American Dream
Non è facile trovare commedie egiziane capaci di parlare ad un pubblico internazionale, ancora di più quando ironizzano su questioni di natura politica. La censura a quelle latitudini si sa non fa sconti a nessuno, tantomeno agli esponenti della Settima Arte. Il più delle volte chi è riuscito nell’impresa è dovuto scendere a compromessi, addolcendo e non poco la pillola. È il caso di Induced Labor, esordio dietro la macchina da presa dello sceneggiatore Khaled Diab, presentato al 29° Festival del Cinema Africano, d’Asia e America Latina dopo l’anteprima al Festival di Dubai 2018.
La pellicola scritta e diretta dal cineasta egiziano risente pesantemente di questo lavoro di ammorbidimento nel trattare tematiche delle quali ha provato a farsi portatrice sana, a cominciare dalla negazione dei diritti dei cittadini, tanto che dalla visione emerge con chiarezza il volere ma non posso di un autore che, giocoforza, ha dovuto sottostare alle rigide “regole d’ingaggio”. Il risultato è un film costretto suo e nostro malgrado a fermarsi a metà strada, percorrendo quel tratto consentito ma con il freno decisamente tirato. Questo ha fatto di Induced Labor una commedia in parte divertente, ma con un fondo drammatico di denuncia politica che avrebbe potuto dire molto di più e che al contrario è stato ampiamente circoscritto, ridimensionato e condizionato dai piani alti.
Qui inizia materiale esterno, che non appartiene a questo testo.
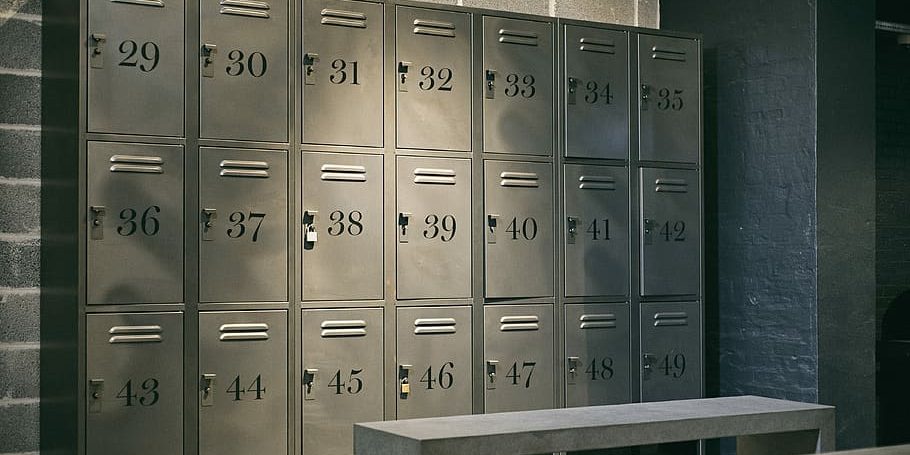 cabinet-locker-locker-room-numbers Row of steel lockers prices numbered 29 to 49 in a dimly lit room, providing secure storage solutions for businesses or facilities.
A conti fatti ciò ha pesato sull’economia generale dell’opera e sul peso specifico che avrebbe potuto avere se lasciata a briglie sciolte. Resta dunque l’amaro in bocca e un gran dispiacere poiché, al netto di una serie di fragilità nelle scrittura e di una messa in scena non sempre all’altezza della situazione in termini di credibilità, quello di Diab è un film dall’enorme potenziale inespresso, animato da un plot davvero interessante che oltre alle risate avrebbe potuto puntare ancora di più il dito contro tutta una serie di violazioni civili. Ci ritroviamo al seguito di una coppia egiziana pronta a tutto pur di ottenere il visto per gli Stati Uniti. Quando la moglie è quasi al termine della gravidanza, decidono di fare irruzione nell’ambasciata americana del Cairo e di partorire lì in modo da garantire al figlio la cittadinanza a stelle e strisce. Ma la situazione sfugge un po’ di mano…
Ciò che resta è un’action-comedy corale surreale e un pizzico grottesca in odore di Abrahams-Zucker, con punte di agrodolce quando ciclicamente si concede parentesi più serie (in particolare in prossimità dell’epilogo). Da parte sua, Diab preme più che può sul pedale della comicità e infatti è lì che si vedono le cose migliori (vedi la scena del finto dottore e le telefonate con i negoziatori), ma è quando prova a spingersi più in là andando a mettere la lingua sul dente che duole che si palesano gli ostacoli invalicabili.